From: rpw3@rpw3.org (Rob Warnock)
Date: Sun, 27 Jul 2003 04:58:39 -0500
Newsgroups: comp.lang.lisp
Message-ID: <Ne2cnZis4KvSP76iXTWc-g@speakeasy.net>
John Proctor <jcproctor@mindspring.com> wrote:
+---------------
| Edi Weitz <edi@agharta.de> wrote in message
| 
| > The whole point of my article was that all this doesn't matter
| > as long as you are sending 12 MB of data to a web browser.
| 
| That is not true at all.  For a web based enterprise app a user can
| move 12 MB in a few hours easily.  Now imagine 200 concurrent users
| doing that on that webserver...
+---------------

Sheesh! You're consistently missing Edi's rather obvious point!!
As long as your web based enterprise app can saturate your Internet
connection using *anything* less than 100% of the CPU, it doesn't
*matter* how many users you pile on it -- they're all going to
bottleneck on the outgoing network pipe, leaving some of the CPU
idle anyway!!

"Good enough" means being able to fill whatever speed pipe you can
afford, and once you can do that, well, then it's good enough.

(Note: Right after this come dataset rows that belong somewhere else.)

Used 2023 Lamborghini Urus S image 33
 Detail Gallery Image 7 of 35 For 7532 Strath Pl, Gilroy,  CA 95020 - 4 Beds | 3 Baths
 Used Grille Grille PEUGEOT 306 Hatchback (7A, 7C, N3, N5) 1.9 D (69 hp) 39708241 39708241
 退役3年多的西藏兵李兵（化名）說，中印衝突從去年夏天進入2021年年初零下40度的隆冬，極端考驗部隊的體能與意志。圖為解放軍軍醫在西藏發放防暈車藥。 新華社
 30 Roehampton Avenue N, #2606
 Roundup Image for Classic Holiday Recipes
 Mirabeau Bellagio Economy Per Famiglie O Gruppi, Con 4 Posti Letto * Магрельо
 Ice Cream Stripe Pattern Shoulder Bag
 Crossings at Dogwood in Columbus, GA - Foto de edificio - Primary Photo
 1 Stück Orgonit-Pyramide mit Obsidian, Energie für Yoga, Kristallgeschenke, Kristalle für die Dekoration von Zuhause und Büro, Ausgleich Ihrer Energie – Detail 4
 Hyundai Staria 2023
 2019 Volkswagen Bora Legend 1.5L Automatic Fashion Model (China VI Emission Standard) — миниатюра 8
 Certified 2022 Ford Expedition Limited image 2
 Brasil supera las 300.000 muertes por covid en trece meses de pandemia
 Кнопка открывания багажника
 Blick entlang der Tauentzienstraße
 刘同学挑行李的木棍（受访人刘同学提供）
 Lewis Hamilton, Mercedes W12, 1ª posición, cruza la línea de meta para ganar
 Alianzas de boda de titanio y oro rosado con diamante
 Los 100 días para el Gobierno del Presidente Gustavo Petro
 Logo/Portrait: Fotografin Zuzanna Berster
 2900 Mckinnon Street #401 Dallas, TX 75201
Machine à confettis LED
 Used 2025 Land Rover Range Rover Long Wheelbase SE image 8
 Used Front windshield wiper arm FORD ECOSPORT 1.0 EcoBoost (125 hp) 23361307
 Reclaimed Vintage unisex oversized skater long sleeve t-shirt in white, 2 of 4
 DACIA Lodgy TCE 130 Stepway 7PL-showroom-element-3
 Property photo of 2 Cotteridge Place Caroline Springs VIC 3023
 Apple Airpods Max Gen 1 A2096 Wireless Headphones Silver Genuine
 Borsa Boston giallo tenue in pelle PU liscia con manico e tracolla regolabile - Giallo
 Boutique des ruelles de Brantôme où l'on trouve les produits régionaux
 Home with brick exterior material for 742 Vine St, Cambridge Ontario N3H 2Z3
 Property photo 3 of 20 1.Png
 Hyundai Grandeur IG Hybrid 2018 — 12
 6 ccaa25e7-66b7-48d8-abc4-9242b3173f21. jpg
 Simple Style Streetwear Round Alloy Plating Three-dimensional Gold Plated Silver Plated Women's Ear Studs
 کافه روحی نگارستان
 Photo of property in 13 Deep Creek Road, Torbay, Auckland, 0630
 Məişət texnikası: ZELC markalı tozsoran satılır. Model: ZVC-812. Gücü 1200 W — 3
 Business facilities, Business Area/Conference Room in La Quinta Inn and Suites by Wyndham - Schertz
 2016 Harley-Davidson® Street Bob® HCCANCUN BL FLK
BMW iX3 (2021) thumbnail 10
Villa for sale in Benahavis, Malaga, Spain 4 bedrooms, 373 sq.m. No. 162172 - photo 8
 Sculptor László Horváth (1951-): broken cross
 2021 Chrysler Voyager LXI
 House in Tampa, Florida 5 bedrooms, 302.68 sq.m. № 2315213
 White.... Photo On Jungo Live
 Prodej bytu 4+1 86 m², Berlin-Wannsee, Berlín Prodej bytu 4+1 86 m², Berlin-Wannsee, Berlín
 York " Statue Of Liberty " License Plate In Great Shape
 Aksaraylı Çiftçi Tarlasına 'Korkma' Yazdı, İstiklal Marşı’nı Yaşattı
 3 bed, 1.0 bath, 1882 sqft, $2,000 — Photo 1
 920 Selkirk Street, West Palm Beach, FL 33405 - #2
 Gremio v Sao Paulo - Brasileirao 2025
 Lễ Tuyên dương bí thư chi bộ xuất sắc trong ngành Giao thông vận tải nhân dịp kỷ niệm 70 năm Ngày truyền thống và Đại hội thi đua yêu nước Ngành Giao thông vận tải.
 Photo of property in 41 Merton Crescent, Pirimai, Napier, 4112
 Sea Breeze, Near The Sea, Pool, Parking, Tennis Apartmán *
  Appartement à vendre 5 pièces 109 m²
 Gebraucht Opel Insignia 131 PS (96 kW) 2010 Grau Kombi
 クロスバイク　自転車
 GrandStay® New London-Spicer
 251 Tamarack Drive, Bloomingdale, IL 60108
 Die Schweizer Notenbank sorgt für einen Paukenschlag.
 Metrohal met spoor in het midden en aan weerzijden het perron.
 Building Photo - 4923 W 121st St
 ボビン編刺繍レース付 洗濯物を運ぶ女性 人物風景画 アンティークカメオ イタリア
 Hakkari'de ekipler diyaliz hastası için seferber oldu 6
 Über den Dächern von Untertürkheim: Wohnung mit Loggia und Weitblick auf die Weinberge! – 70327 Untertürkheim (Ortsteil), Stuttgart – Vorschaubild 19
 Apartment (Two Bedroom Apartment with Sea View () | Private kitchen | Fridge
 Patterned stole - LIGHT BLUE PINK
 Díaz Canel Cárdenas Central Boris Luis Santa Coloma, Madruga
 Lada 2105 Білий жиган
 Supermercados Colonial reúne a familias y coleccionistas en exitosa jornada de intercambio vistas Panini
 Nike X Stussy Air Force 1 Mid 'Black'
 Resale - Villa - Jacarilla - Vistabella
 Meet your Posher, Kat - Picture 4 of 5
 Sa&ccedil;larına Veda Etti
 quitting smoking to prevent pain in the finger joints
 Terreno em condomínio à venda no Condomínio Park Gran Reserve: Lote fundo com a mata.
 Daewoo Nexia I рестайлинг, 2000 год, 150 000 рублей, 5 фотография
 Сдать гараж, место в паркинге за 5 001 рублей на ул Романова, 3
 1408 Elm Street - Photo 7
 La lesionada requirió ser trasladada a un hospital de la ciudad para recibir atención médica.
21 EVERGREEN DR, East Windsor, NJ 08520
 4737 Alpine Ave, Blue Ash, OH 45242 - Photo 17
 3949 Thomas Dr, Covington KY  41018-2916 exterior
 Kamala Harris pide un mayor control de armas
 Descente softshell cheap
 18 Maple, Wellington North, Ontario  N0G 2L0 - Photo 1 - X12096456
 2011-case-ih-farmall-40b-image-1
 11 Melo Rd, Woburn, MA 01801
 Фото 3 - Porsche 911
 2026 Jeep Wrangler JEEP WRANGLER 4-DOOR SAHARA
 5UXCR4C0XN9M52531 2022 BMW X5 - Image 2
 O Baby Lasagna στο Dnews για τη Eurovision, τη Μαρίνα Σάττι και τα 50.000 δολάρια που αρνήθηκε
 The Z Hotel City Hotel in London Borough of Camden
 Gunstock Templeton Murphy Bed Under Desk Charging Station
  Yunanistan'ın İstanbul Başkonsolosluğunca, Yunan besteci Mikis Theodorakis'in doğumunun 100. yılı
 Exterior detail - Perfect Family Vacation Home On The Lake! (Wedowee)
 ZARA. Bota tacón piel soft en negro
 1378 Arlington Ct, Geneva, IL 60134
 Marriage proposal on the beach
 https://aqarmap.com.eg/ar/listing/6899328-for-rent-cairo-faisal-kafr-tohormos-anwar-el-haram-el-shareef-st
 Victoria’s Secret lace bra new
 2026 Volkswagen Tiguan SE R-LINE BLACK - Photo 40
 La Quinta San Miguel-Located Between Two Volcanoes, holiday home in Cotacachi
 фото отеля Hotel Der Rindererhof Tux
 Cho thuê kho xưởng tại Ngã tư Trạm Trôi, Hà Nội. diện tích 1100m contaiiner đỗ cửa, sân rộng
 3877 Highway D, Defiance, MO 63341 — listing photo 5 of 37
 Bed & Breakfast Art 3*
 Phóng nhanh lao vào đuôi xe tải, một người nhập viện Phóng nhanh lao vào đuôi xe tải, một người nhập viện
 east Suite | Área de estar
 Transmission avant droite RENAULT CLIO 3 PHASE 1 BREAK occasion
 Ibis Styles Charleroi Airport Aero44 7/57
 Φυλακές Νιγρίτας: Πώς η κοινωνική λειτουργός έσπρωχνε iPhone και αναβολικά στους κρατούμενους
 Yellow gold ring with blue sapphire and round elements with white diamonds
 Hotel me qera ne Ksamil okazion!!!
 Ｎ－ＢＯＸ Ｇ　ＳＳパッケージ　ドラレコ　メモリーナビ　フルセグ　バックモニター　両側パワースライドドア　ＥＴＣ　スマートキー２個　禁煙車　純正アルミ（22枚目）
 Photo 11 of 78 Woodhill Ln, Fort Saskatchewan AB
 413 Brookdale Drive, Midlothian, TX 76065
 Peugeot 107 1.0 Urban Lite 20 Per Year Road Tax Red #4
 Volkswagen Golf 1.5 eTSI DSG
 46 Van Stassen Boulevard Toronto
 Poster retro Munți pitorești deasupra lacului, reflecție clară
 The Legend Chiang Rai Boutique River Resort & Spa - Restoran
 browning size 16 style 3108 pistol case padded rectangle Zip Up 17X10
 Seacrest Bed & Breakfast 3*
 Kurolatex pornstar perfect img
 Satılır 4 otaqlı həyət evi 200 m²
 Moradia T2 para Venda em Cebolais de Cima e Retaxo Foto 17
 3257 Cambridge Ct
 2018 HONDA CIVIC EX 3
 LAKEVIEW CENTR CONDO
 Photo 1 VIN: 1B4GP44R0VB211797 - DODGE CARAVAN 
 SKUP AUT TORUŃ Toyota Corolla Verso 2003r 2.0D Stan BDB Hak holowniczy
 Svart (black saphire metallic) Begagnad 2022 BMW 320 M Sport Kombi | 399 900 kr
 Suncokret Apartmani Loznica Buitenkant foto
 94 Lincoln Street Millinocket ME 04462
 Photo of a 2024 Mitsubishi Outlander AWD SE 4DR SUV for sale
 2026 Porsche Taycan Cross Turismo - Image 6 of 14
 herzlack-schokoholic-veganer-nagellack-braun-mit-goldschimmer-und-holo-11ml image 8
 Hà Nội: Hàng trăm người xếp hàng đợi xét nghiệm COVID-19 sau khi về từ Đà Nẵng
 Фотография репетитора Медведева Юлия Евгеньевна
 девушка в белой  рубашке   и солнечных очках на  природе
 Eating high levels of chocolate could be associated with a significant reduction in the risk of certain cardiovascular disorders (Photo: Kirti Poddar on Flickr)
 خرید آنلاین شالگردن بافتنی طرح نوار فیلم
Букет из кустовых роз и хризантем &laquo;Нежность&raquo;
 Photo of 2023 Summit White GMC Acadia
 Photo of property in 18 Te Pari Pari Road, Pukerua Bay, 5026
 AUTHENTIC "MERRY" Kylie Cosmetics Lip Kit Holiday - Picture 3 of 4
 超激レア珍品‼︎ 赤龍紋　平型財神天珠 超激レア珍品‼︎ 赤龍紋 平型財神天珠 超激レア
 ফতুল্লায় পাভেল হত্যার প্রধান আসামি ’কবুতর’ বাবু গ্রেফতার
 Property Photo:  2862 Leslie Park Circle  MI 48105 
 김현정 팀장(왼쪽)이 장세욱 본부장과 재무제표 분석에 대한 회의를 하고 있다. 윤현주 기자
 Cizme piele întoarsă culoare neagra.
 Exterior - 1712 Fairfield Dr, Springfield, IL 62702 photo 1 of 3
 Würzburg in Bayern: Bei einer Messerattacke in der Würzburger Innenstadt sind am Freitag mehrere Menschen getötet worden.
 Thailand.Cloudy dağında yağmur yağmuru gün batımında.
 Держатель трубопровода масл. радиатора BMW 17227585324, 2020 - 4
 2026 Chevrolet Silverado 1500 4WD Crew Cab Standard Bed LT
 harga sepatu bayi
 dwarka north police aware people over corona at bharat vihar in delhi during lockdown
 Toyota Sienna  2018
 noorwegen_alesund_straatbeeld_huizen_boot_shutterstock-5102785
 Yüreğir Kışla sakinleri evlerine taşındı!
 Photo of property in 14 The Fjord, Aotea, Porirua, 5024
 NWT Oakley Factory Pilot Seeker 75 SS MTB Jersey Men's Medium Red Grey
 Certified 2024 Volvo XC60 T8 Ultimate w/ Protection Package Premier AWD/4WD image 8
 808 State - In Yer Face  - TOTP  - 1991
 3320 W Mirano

It only takes a modest amount of tuning to saturate, say, a 10 Mb/s pipe.

Running Edi's last version on my Athlon 1600+ (1.4GHz), it wrote a
13.6 MB file in 1.27 seconds of real time (1.19 sec. CPU time).
That's over 10 MB/s -- over 85 Mb/s! -- with is a lot more Internet
bandwidth than I'll ever see.


-Rob

p.s. My current web server chugs along very happily with only
768 kb/s (SDSL), which is why (for example) I don't really worry
about the performance differences between HTOUT & CL-WHO [see
the recent "html generation API" thread].